The violent approach also results in problems once its application to revolutions is considered. As Arendt (1969) claims, governments have traditionally held much more power than the would-be revolutionaries, even if they lacked numbers, because of their access to dramatically superior weaponry. Even with the development of weapons of mass destruction, this tendency is unchanged. While they even the balance to a degree, their usage can only result in mutual destruction and numerous civilian casualties. In terms of conventional weaponry that still dominates warfare, rebels cannot compete with the establishment unless a large portion of its forces defects. Governments are aware of this possibility, and many dictatorial regimes appeal strongly to the police and the army to secure their loyalty and stay in power. However, numerous revolutionary movements have succeeded, regardless, both in the relatively distant past and the 20th and 21st centuries, with their rapid escalation of weapon power.
The paradigms that equate violence with power (and promote violent revolution as a result) struggle to explain this phenomenon and the factors that differentiate successful revolutionary movements from unsuccessful insurgents. The reason for the difference, in a broader context, is often described as the instability of the regime. Arendt (1969) highlights this stability, or lack thereof, as a more appropriate definition of power, one that stems from popular support. As long as the population is supportive of a government or complacent, the violent change advocates are seen as violators and criminals. Their behavior enables the forces sent to suppress them to believe that they are acting in the people’s interest. On the other hand, when attacking a popular movement and meeting with public disapproval, they are more likely to question their orders and allegiance, possibly defecting and enabling the revolution.
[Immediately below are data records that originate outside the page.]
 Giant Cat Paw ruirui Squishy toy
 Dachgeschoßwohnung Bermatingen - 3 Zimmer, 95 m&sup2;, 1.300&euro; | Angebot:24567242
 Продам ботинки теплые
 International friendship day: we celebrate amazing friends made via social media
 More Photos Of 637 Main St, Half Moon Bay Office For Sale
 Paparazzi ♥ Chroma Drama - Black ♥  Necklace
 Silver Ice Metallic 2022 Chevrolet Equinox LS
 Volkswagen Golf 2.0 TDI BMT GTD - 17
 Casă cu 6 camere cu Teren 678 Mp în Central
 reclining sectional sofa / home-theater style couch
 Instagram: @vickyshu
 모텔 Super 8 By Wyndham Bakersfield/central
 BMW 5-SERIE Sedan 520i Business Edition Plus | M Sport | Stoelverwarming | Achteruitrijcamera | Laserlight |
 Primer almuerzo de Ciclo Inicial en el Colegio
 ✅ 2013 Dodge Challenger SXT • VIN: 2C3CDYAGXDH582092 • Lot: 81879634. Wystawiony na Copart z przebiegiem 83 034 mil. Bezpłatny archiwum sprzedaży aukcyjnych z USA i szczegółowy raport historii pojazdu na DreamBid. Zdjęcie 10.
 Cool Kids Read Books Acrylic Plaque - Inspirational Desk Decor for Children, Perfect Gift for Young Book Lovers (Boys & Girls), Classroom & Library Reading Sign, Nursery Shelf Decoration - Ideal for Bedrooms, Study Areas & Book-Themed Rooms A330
However, an overtly violent movement will struggle to acquire the degree of support required for such a phenomenon to take place. Its intentions will be lost beneath the harm it does to society, as any person who is harmed in the violence is a community member. Their story will turn at least some of the community members against the movement, eventually culminating in widespread public opposition. Therefore, nonviolence through various methods, whether public disobedience, spreading of materials and ideas, or other measures is the only viable option. In this case, if the other side resorts to violence, it alienates the public and shows its belief that it lacks popular support. If the movement’s ideas are persuasive, it should eventually be able to exert enough influence to force the opposition to either do so or engage in dialogue.
Violence and Change
It is true that violence can lead to change if the party engaging in it prevails, especially in the short term. Arendt (1969) describes it as an extension of the criminal’s ability to rob a bank with a gun or threaten a person into giving up their wallet. A successful violent revolution can also install a government that subscribes to the movement’s ideas, at least in theory. However, the changes that are achieved by violence tend to be short-lived and ultimately ineffectual, at least in the local context. Arendt (1969) attributes this weakness to the short-term orientation that violent action must necessarily adopt. It can only be considered rational if it reaches a goal, and with the unpredictability of the future, success can only be guaranteed if an immediate objective is adopted.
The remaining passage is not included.